Go to the line below containing "Calvin Klein T-Shirt mit Logo-Stickerei Nude" and print exactly from there through the line containing "Primary School Scheme", both included. Print nothing else.

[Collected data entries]
*** Begin section ***
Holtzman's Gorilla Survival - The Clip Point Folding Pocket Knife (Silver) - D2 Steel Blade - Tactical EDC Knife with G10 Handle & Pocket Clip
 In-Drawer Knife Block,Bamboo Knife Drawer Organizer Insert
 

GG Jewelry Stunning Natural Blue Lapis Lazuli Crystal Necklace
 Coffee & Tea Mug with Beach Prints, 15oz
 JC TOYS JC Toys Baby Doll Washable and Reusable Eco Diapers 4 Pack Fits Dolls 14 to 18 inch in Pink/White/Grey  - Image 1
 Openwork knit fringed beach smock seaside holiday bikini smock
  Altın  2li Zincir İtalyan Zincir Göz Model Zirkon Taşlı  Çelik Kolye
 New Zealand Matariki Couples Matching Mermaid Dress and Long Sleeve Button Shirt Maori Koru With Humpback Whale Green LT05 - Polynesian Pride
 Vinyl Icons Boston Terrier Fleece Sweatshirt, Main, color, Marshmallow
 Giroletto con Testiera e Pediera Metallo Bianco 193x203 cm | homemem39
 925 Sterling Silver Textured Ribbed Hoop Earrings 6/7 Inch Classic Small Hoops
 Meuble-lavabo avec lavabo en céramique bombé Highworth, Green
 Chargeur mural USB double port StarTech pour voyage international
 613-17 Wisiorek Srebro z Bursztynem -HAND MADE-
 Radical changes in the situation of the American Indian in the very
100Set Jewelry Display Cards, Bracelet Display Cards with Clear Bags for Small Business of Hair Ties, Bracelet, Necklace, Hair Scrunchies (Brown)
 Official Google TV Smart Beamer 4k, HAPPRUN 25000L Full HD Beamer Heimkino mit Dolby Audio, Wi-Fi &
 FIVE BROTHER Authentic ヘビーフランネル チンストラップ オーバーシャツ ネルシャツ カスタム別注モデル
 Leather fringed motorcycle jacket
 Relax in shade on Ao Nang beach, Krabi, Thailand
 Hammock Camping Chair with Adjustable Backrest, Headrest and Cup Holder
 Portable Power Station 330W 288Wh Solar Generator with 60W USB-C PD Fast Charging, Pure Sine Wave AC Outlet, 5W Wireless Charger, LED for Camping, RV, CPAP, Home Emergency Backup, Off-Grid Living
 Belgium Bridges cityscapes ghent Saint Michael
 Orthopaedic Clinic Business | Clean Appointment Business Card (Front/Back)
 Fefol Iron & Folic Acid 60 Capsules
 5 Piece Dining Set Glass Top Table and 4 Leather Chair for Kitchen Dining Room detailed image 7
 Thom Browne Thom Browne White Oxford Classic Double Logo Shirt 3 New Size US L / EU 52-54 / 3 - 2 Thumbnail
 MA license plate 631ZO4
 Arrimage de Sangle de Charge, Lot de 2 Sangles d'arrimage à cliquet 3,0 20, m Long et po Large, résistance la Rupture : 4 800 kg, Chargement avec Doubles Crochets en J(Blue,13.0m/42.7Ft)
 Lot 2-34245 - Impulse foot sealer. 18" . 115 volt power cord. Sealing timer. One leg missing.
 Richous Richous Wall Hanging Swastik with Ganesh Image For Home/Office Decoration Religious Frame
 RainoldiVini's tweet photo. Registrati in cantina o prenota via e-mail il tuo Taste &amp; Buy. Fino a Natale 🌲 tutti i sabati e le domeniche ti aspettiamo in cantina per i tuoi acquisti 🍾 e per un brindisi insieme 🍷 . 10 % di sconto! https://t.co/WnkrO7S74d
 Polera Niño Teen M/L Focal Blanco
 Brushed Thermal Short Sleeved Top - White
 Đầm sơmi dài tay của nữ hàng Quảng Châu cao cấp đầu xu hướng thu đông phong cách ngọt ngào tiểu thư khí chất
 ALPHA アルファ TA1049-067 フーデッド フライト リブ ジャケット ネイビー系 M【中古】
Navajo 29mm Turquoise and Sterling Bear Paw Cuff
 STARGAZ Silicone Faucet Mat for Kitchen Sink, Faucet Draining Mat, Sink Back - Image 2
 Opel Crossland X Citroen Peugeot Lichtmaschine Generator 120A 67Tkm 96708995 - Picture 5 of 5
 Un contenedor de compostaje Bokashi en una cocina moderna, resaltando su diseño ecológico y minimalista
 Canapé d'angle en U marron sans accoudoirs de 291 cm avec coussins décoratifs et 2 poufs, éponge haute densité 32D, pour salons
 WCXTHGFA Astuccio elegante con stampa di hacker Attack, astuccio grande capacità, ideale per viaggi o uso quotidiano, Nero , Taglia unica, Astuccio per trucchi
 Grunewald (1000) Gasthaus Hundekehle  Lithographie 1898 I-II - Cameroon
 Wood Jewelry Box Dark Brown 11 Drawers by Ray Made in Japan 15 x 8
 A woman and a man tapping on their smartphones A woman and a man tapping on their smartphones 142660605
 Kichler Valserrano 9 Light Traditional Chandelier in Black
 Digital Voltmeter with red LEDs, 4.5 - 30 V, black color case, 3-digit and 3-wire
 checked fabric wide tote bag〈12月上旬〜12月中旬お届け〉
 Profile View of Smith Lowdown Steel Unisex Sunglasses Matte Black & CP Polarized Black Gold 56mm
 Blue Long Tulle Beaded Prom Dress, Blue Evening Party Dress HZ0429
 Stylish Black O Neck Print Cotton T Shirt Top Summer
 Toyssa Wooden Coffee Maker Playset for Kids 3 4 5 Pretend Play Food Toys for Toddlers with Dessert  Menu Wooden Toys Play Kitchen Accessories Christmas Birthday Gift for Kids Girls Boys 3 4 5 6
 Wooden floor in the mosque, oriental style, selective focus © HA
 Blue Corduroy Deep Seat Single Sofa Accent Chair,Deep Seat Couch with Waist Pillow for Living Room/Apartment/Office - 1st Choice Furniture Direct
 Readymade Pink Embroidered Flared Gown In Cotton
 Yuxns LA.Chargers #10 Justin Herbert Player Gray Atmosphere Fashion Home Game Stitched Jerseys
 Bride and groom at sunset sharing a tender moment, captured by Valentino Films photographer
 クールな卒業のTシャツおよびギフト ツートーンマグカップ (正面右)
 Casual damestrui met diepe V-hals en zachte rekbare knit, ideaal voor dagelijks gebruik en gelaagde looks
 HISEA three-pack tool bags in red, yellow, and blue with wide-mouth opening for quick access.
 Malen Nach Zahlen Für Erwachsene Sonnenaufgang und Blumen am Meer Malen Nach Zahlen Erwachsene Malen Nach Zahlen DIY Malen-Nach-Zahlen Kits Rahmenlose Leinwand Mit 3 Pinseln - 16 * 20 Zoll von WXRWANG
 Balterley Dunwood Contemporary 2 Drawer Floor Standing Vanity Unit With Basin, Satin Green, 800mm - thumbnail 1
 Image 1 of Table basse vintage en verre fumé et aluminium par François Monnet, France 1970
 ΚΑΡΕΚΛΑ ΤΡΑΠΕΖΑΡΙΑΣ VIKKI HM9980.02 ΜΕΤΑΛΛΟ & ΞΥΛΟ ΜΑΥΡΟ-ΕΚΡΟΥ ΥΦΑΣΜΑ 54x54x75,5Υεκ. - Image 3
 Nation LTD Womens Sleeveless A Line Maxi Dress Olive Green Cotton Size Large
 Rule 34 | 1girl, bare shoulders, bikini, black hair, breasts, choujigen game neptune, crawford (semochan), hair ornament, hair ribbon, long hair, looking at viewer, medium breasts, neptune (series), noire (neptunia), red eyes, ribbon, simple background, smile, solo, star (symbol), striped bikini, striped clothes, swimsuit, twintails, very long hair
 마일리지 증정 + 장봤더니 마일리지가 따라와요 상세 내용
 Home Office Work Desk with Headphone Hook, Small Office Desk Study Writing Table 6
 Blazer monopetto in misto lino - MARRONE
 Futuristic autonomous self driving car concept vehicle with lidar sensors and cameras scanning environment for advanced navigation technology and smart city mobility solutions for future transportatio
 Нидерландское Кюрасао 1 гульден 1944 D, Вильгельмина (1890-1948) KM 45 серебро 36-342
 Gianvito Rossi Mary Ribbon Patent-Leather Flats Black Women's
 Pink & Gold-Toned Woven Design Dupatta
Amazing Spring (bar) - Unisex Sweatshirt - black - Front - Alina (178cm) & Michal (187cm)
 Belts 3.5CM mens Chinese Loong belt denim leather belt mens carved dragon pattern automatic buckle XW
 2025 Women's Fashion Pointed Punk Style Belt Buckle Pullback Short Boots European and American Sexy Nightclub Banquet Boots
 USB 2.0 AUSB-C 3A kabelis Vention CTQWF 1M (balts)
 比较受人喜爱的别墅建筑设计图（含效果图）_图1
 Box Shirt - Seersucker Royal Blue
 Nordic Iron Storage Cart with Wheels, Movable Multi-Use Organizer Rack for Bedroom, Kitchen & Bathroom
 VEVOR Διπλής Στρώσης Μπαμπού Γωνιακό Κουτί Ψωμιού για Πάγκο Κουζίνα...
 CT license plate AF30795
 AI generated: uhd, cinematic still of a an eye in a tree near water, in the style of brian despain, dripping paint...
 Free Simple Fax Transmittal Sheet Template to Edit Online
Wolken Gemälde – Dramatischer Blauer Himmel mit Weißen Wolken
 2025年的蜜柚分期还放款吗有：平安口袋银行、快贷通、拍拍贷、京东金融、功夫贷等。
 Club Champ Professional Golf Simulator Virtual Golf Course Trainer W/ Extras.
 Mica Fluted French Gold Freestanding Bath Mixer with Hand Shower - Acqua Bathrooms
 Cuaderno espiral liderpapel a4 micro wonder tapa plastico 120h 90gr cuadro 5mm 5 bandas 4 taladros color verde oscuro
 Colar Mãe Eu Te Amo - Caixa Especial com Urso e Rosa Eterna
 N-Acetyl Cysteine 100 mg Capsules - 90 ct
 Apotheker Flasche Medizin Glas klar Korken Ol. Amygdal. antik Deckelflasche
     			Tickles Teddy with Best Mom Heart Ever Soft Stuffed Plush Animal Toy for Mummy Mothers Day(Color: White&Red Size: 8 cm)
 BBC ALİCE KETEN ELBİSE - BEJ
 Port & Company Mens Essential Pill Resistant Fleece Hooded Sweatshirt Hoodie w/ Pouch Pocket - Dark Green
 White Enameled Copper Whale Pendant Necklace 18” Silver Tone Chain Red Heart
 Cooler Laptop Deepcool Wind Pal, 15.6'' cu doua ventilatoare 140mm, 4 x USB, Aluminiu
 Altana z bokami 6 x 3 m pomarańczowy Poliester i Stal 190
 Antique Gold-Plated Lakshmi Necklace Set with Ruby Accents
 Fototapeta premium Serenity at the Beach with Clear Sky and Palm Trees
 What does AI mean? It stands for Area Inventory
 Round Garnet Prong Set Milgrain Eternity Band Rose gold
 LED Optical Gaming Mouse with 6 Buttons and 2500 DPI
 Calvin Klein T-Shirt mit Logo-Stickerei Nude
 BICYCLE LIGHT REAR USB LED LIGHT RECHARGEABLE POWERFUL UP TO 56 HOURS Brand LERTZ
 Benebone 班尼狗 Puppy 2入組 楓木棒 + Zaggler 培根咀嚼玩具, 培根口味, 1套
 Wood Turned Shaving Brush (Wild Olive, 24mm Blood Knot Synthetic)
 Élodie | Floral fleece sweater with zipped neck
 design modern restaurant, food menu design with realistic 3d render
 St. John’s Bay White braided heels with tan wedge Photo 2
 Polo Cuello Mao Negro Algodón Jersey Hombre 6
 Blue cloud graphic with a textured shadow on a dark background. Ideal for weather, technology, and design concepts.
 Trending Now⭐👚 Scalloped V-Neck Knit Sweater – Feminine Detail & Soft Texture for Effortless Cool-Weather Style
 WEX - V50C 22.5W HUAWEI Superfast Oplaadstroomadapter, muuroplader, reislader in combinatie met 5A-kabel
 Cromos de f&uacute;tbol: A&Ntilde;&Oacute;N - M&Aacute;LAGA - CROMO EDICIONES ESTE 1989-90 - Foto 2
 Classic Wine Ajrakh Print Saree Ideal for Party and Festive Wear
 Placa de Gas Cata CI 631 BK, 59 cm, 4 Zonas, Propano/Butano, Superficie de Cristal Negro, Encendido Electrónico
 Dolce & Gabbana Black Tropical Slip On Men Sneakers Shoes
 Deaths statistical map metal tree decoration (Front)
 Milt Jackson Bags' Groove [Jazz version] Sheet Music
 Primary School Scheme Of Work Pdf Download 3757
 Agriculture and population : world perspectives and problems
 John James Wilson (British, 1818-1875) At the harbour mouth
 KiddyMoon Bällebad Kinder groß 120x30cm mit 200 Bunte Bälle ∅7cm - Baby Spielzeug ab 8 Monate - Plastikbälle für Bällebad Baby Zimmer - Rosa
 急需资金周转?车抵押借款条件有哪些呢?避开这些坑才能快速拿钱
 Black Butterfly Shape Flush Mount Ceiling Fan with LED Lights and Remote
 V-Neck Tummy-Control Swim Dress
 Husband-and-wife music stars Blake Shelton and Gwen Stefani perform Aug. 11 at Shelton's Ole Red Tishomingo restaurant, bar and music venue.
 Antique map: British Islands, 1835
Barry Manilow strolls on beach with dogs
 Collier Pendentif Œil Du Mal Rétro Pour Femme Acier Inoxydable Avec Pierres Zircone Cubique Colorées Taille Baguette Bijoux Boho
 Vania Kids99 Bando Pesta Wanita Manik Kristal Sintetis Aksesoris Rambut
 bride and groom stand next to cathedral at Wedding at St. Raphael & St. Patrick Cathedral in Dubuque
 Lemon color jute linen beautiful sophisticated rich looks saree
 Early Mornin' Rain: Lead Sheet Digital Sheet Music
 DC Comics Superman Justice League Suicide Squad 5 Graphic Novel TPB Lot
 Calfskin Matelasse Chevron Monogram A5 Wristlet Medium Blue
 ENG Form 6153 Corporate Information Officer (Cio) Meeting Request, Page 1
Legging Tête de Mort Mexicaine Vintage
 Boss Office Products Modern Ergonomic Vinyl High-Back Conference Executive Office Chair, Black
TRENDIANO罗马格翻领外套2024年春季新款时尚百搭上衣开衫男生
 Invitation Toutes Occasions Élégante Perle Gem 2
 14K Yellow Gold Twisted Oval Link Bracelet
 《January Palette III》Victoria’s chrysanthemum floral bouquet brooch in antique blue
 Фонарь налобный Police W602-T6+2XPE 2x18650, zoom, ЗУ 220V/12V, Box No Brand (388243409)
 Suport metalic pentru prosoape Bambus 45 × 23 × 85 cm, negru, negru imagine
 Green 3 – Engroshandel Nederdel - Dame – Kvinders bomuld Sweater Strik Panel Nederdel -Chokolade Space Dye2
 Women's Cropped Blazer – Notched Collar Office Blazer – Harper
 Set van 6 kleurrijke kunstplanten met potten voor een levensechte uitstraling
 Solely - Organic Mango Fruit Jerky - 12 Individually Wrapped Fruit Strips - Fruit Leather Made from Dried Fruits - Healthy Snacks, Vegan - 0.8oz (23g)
*** End section ***
> **Output for this exercise**:
 Calvin Klein T-Shirt mit Logo-Stickerei Nude
 BICYCLE LIGHT REAR USB LED LIGHT RECHARGEABLE POWERFUL UP TO 56 HOURS Brand LERTZ
 Benebone 班尼狗 Puppy 2入組 楓木棒 + Zaggler 培根咀嚼玩具, 培根口味, 1套
 Wood Turned Shaving Brush (Wild Olive, 24mm Blood Knot Synthetic)
 Élodie | Floral fleece sweater with zipped neck
 design modern restaurant, food menu design with realistic 3d render
 St. John’s Bay White braided heels with tan wedge Photo 2
 Polo Cuello Mao Negro Algodón Jersey Hombre 6
 Blue cloud graphic with a textured shadow on a dark background. Ideal for weather, technology, and design concepts.
 Trending Now⭐👚 Scalloped V-Neck Knit Sweater – Feminine Detail & Soft Texture for Effortless Cool-Weather Style
 WEX - V50C 22.5W HUAWEI Superfast Oplaadstroomadapter, muuroplader, reislader in combinatie met 5A-kabel
 Cromos de f&uacute;tbol: A&Ntilde;&Oacute;N - M&Aacute;LAGA - CROMO EDICIONES ESTE 1989-90 - Foto 2
 Classic Wine Ajrakh Print Saree Ideal for Party and Festive Wear
 Placa de Gas Cata CI 631 BK, 59 cm, 4 Zonas, Propano/Butano, Superficie de Cristal Negro, Encendido Electrónico
 Dolce & Gabbana Black Tropical Slip On Men Sneakers Shoes
 Deaths statistical map metal tree decoration (Front)
 Milt Jackson Bags' Groove [Jazz version] Sheet Music
 Primary School Scheme Of Work Pdf Download 3757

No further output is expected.